I bozzetti sono la parte più intima e affascinate di un lungo percorso intellettuale che il pubblico vedrà pienamente realizzato solo sulle tavole di un teatro o su uno schermo cinematografico; nel bozzetto, così come nei disegni dei grandi pittori, risiede l’idea platoniana, l’Idea originale, dunque l’espressione più diretta e istintiva che, spesso, descrive compiutamente lo spirito dell’autore. Tuttavia i bozzetti e i quadri teatrali di Zeffirelli, esposti al Trussardi Art Center, non sono semplici schizzi preparatori, ma opere compiute ed indipendenti che spaziano tra diversi stili espressivi, piegando questi stessi stili alle proprie esigenze professionali: si passa, ad esempio, del segno possente dei disegni per la realizzazione dei personaggi di Cleopatra (segno che ricorda vagamente i bassorilievi di Sironi), alle scenografie astratte del Così è se vi pare del 1984 sino alle splendide atmosfere romantiche dei bozzetti – o meglio quadri – ideati per l’Otello o al disegno di getto dei personaggi per Giulietta e Romeo di Shakespeare.
L’apice della mostra, a mio parere, è rappresentato dalla serie di bozzetti, di anni diversi, e quadri per la rappresentazione della Carmen di Bizet; l’eclettismo culturale di Franco Zeffirelli regala dei paesaggi di stampo quasi metafisico accanto ad un vero e proprio quadro astratto rappresentante Il sipario, senza perdere di vista il fine ultimo dell’opera, cioè la futura messa in scena. Proprio nella capacità di rileggere in modo originale e personale la lezione di maestri del passato sta la stigmate del grande artista che prende spunto e rielabora, senza mai cadere nella trappola della sterile riproposizione. Il denominatore comune del lavoro di Franco Zeffirellli rimane senza dubbio, il grande senso estetico, il piacere del bello (definizione, mi rendo conto, tanto filosoficamente vasta quanto pericolosa); nell’odierno panorama artistico, dominato dall’astrattismo e dalla perdita di valore del soggetto, il mondo figurativo zeffirelliano, anche se a volte può apparire vagamente retro, è spesso coinvolgente ed affascinante.

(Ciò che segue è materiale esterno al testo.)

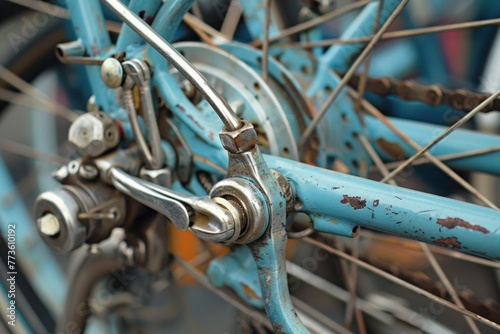 Enthusiastic specialist customizing a vintage bicycle, choosing parts from a wide selection.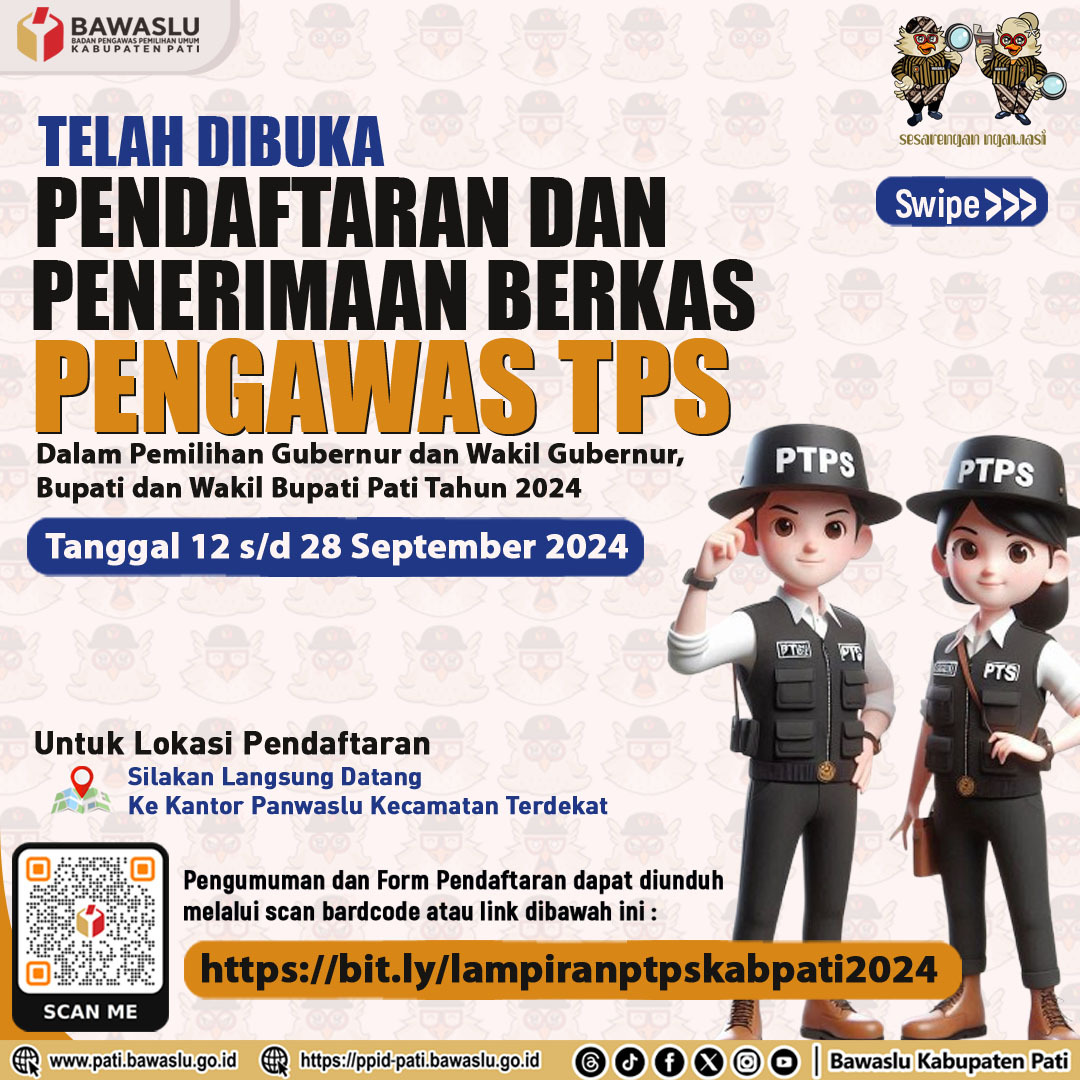 Pendaftaran PTPS Untuk Pemilihan Gubernur dan Wakil Gubernur, Bupati dan Wakil Bupati Pati Tahun 2024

L’allestimento comprende, inoltre, numerosi e bellissimi costumi scenici, indossati poi da autentiche prime donne come Maria Callas, Teresa Stratas e Cher, creati da alcuni dei maggiori costumisti di questo secolo – Anna Anni, Piero Tosi, Danilo Donati – oltre a pezzi di gioielleria di scena e video, scelti dallo stesso regista, che illustrano compiutamente il mondo culturale di Franco Zeffirelli.